The colour of blood is the same everywhere, whoever sheds it. This is the observation – the judgment – of a Catholic humanist who would have people no longer die – no longer kill – for abstract nouns, whether in Ireland, Poland or Central America. Moore’s last novel before The Colour of Blood had been Black Robe, about Jesuit missionaries in 17th-century Canada. They are seized, tortured and martyred by native Indian tribes; here too the drama arising from the clash of uncomprehending cultures has its relevance to Ulster’s Troubles. It’s an astonishing and alarming book.
Moore would write two other fine novels in his last years. (He died in 1999, aged 77.)
No Other Life, set in a Caribbean island much like Haiti, is the story of a poor boy – a “noir” in a state long governed by the paler-coloured “mulattos” – who becomes a priest, a spokesman for the poor; elected president, he is hailed by his supporters as “Messiah”. It’s a moving, subtle and disturbing novel, turning on Diderot’s observation that “between fanaticism and barbarism there is only one step”.

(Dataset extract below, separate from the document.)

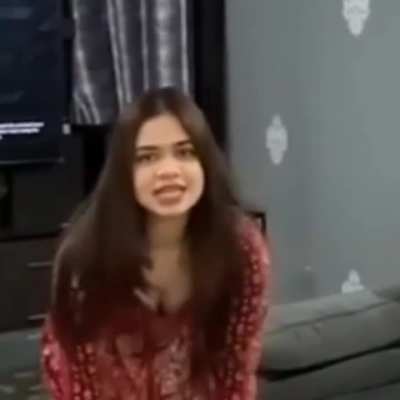 Amisha showing her cleavage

The Statement is a terse, elegant thriller about a former Vichy policeman who has been sheltered for 40 years after the war in various monasteries, but is now on the run as the clerical support is withdrawn from him, reluctantly in some cases, but he has become an embarrassment. Based on the story of Paul Touvier, a real-life Vichy official wanted for war crimes, it is the kind of novel that Robert Harris writes so well today. Moore’s old man on the run is a ruthless killer, a Jew-hater who collaborated happily with the Nazis. He represents the worst of Vichy. Yet simply because he remains defiantly himself, Moore’s art drives one to feel sympathy for the hunted villain.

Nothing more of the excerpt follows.